There are many things that can be coached and taught in the UK, although it should come as no surprise that football is the most popular of these activities.

In fact, football accounts for 18% of all coached activities on these shores, with training required at multiple levels of ability and across different age ranges.

But what are the key and universal attributes required to be a successful football coach?

Here are some characteristics to keep in mind:

1. You Need to be a Good Communicator

There’s a distinct difference between old-school football managers like Sir Alex Ferguson and modern legends such as Jose Mourinho, with the latter much more hands-on from the perspective of training and taking individual coaching sessions.

Because of this, coaches typically require excellent communication skills, in order to clearly explain their playing philosophy and demands placed on individual players.

Being a good communicator also makes it easier to organise team shapes, while successfully recognising players for good performances and providing constructive criticism when footballers underperform.

Of course, effective communication is also a two-way street and you’ll need to be a good listener as a coach. This way, you can gain feedback from players and remain open to new ideas, while creating a greater level of engagement within the team.

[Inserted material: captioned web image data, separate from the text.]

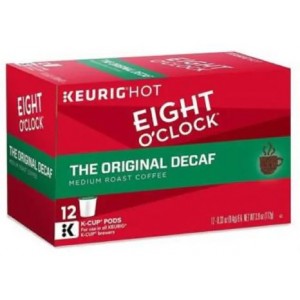 Eight O'Clock Coffee The Original Decaf K-Cup Pods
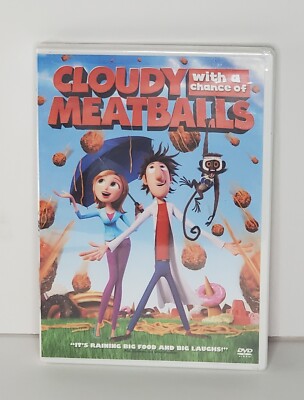 Cloudy With a Chance of Meatballs (DVD, 2010)  New, Sealed.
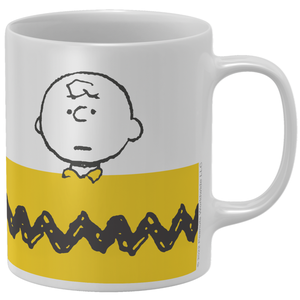 Peanuts Half A Charlie Brown Mug
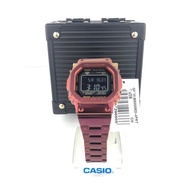 Casio G-Shock Red Ion Plating Stainless Steel Full Link GMW-B5000RD-4 Bluetooth CHINA Edition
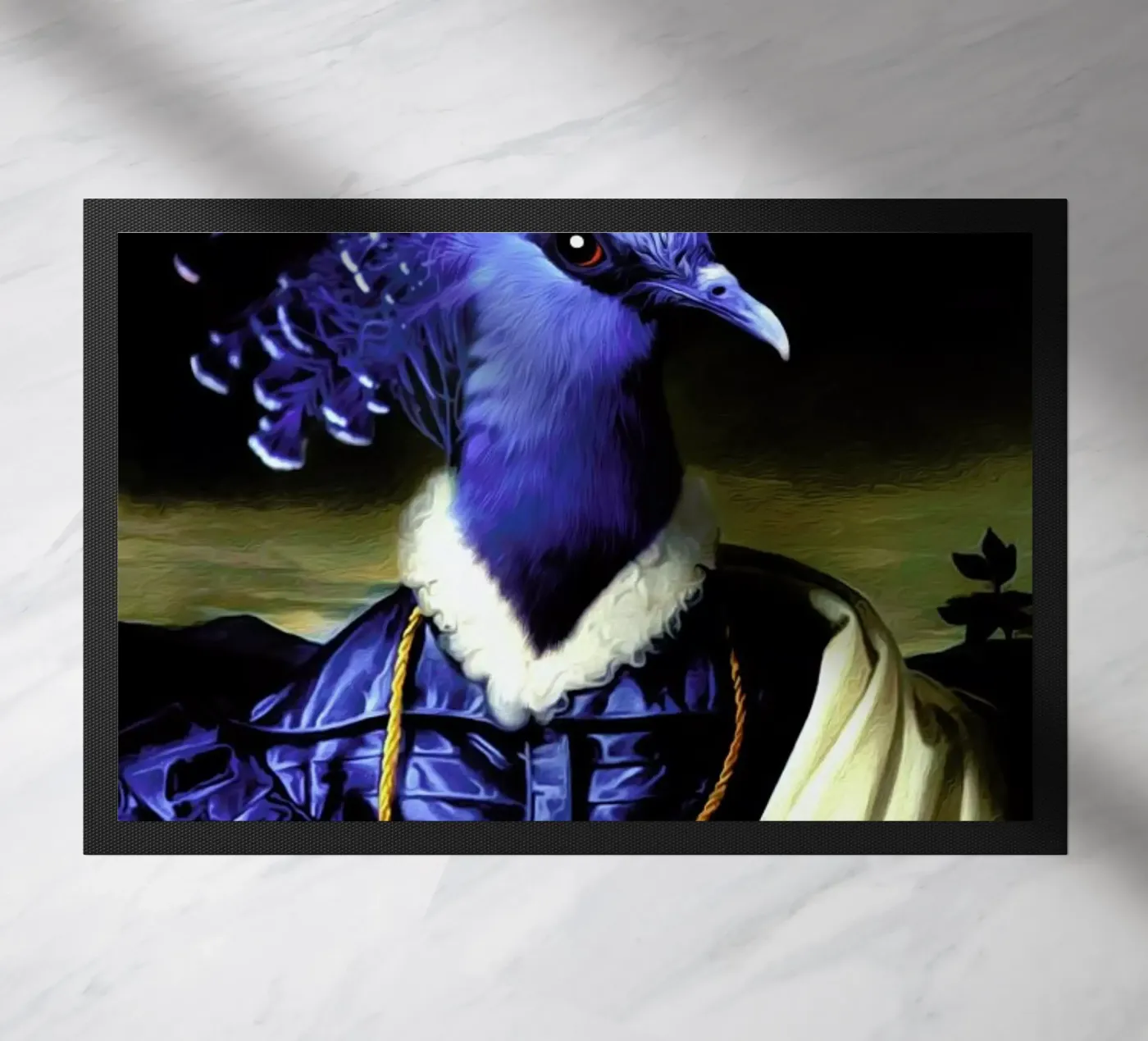 Janice doormat by Tein Lucasson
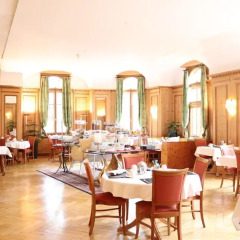 Отель Unique Hotel Eden Superior Швейцария, Санкт-Мориц - отзывы, цены и фото номеров - забронировать отель Unique Hotel Eden Superior онлайн питание фото 3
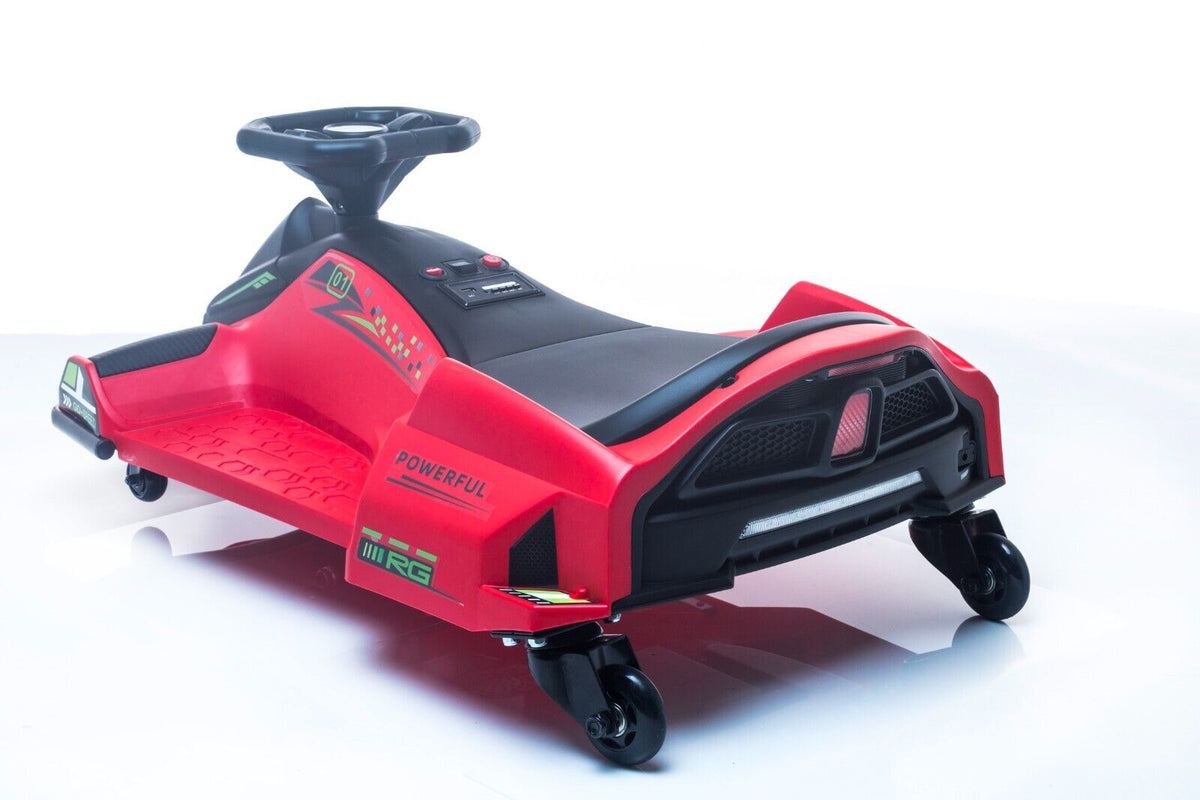 Rev Up Your Ride with the 24V Electric Drifting Go Kart - Variable Speed, Up to 12 mph!
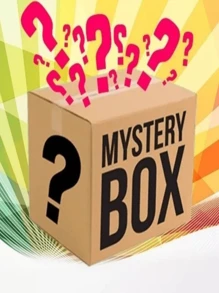 3 PIECES MYSTERY BOX - Đầy màu sắc - Xem 3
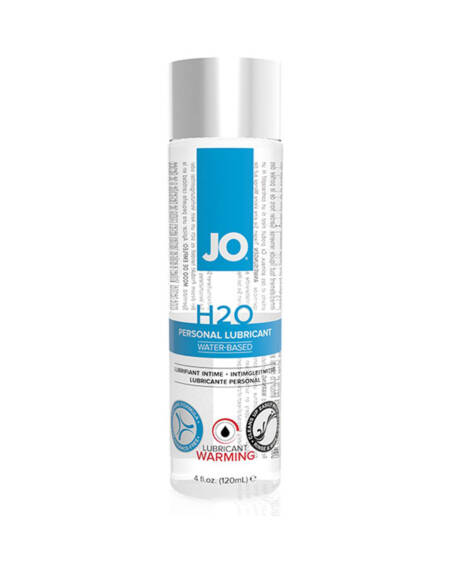 H20 PERSONAL LUBRICANT WARMING WATER-BASED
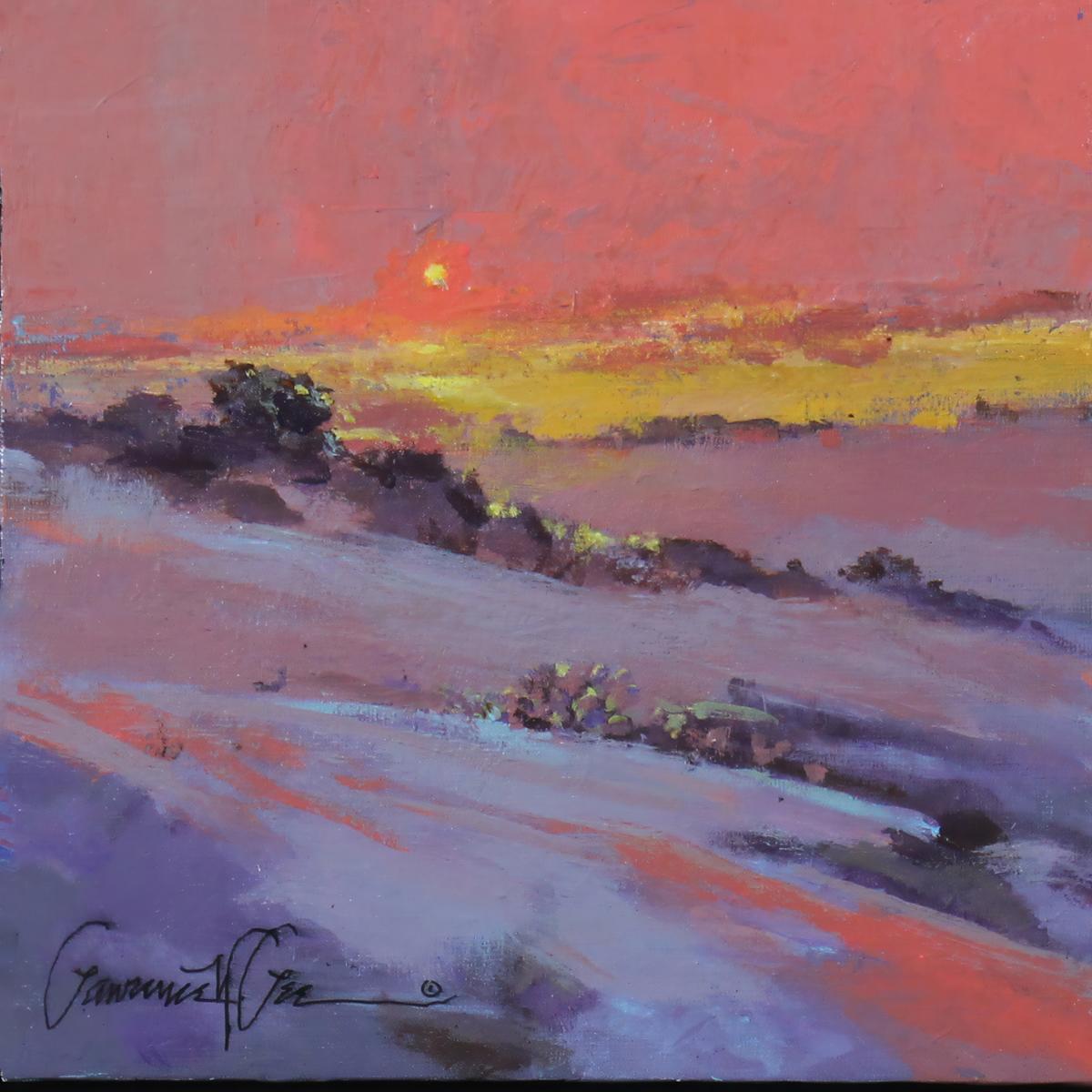 Misty Desert Morning by Lawrence Lee, Image 7.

2. You Need to be Approachable

On a similar note, good listeners tend to be approachable. After all, players won’t be willing to address you or raise concerns if your manner intimidates them, creating communication breakdowns and resentment over time.

This is arguably more important when coaching younger age groups, who are generally more inquisitive and inclined to ask questions as they continue to learn about the game.

As an approachable coach, you can cultivate better relationships with your players, while helping them to develop their tactical understanding of the game and ensuring that they can come to you in instances where they want to talk or need guidance.

3. You Need Solid Organisational Skills

On a fundamental level, good football coaches also tend to have solid organisational skills and a keen attention to detail, which impact on everything from individual coaching sessions to a team’s performance on match days.

Good organisation skills enable you to get the most from your coaching sessions, for example, as you look to target different developmental areas and build relevant skills over time.

Such skills also make it easier to organise team trips and travel arrangements when coaching at a lower level, where you may have more responsibility off the training pitch.

Attention to detail serves a similar purpose here, while this can also prove crucial from a tactical perspective when coaching during matches.

For example, a keen eye for detail makes it easy to spot tactical or systematic flaws during games, allowing you to make proactive changes that change the outcome of individual matches.